* [Problem to solve]:
Scan the entries for the word "page", and copy every line where it appears.

* [Entries supplied]:
------------------------------

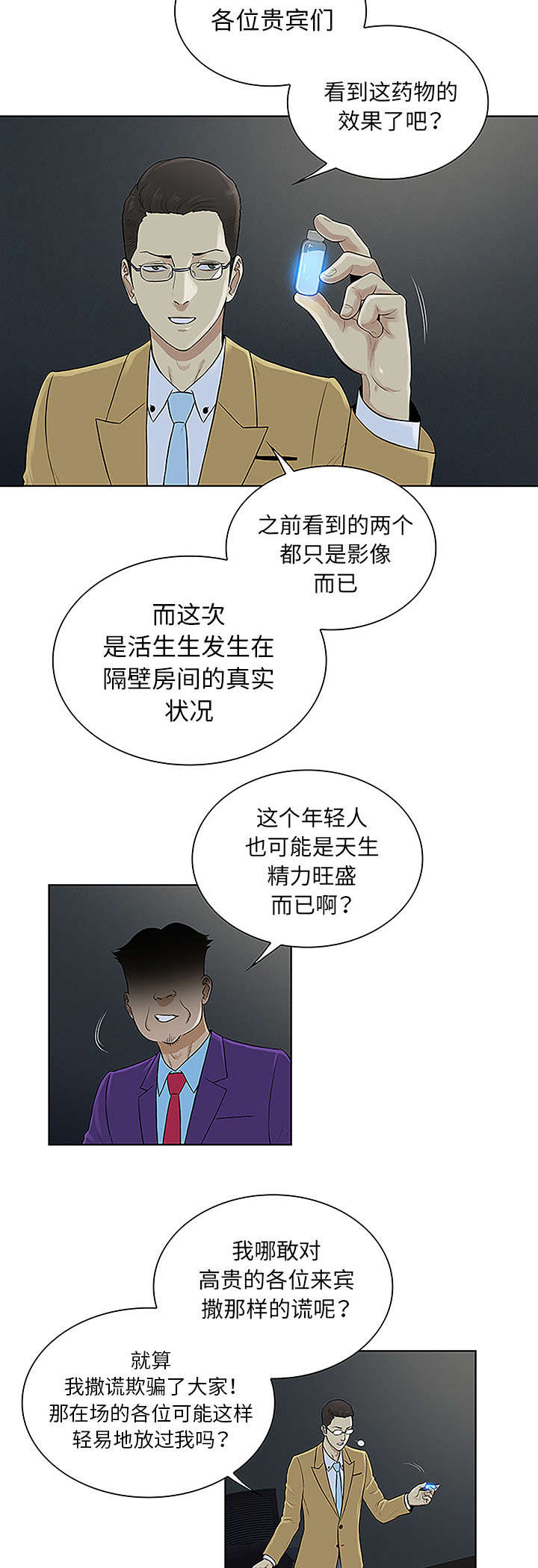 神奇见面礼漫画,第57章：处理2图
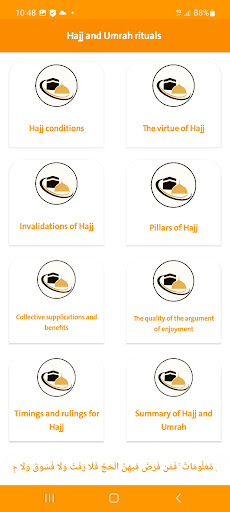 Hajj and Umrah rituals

------------------------------

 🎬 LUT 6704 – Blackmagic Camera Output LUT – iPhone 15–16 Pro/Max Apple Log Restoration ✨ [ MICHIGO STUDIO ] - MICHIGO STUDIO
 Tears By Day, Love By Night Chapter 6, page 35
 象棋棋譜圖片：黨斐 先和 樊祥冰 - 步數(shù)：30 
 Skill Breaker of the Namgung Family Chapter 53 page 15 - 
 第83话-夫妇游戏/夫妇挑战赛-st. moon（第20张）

------------------------------

* [Written answer]:
 Tears By Day, Love By Night Chapter 6, page 35
 Skill Breaker of the Namgung Family Chapter 53 page 15 - 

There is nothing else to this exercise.